Dave responded that he had no information that the problem was "known to be a manufacturing issue from Apple."
He also reminded Wiegers that her warranty had expired and that she'd have to get the phone repaired. He recommended that she visit the Apple feedback site where she could "tell engineering to look into it." He signed off with a :) happy face.
"I just about felt like throwing my phone through the screen at him," says Wiegers.
U.S. also takes on Apple
In the United States, a similar proposed class action was filed in August in the U.S. District Court for Northern California.
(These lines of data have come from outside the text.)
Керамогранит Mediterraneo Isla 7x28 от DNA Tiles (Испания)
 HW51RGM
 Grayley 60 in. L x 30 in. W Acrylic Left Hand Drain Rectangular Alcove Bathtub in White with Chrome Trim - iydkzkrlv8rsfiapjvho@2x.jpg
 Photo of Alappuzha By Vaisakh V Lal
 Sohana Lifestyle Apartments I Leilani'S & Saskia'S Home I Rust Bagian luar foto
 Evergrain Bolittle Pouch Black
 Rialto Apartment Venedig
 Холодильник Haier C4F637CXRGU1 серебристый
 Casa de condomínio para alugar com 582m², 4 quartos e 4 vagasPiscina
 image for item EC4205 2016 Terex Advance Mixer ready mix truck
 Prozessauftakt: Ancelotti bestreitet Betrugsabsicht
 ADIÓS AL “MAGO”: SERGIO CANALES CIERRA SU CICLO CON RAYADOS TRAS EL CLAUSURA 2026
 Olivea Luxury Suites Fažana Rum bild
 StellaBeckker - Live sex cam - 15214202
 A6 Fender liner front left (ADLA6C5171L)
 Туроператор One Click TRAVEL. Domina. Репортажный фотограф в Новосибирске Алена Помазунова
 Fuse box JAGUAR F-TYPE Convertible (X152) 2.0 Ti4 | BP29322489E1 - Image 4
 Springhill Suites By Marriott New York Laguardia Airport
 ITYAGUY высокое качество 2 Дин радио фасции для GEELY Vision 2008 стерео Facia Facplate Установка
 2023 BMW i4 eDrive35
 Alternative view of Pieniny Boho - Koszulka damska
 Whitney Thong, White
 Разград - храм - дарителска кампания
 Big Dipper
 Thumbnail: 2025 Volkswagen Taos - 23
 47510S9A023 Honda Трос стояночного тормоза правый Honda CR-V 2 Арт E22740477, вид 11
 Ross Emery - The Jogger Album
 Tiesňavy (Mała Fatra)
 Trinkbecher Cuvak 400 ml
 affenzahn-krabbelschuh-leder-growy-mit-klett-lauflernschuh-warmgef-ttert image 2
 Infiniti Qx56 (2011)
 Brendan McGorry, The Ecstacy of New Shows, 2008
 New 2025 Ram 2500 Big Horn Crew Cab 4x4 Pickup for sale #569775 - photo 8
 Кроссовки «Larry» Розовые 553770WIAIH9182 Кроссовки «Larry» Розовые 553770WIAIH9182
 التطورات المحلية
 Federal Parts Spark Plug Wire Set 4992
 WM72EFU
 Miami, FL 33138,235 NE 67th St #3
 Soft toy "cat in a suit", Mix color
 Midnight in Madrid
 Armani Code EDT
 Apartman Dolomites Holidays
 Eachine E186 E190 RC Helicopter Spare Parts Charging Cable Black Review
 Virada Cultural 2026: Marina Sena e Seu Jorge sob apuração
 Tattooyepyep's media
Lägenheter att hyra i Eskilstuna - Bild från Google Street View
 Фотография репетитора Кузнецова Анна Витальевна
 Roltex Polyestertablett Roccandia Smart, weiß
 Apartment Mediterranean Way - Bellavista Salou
It alleges that "Apple has long been aware of the defective iPhones" and refused to repair them without charge.
The three lead plaintiffs in the case all allege that their iPhone 6 or 6 plus suddenly froze up and that Apple wanted upwards of $300 US to remedy the problem.
Apple's supposed "Bendgate" problem may be at the root of the alleged iPhone issues, says Troy Crandall, equity analyst at 3Macs in Montreal.
Shortly after the iPhone 6 and 6 Plus launched, people started complaining that the phone was susceptible to bending.
Crandall says the early 6 models have a bigger, thinner design which could make them more pliable.
"People tend to put them in their pants and the human body does bend," he says.
Crandall suggests the bending could fracture connections within the phone's motherboard, causing it to malfunction.
He says that Apple gets numerous complaints about technical glitches so, unless the company offers more details, it's impossible to know the scope and severity of the problem.
The proposed class actions claim the issue is serious enough to demand that Apple pay damages that include compensation for a defective phone.
"All I want is for Apple to fix my damn phone," says Wiegers.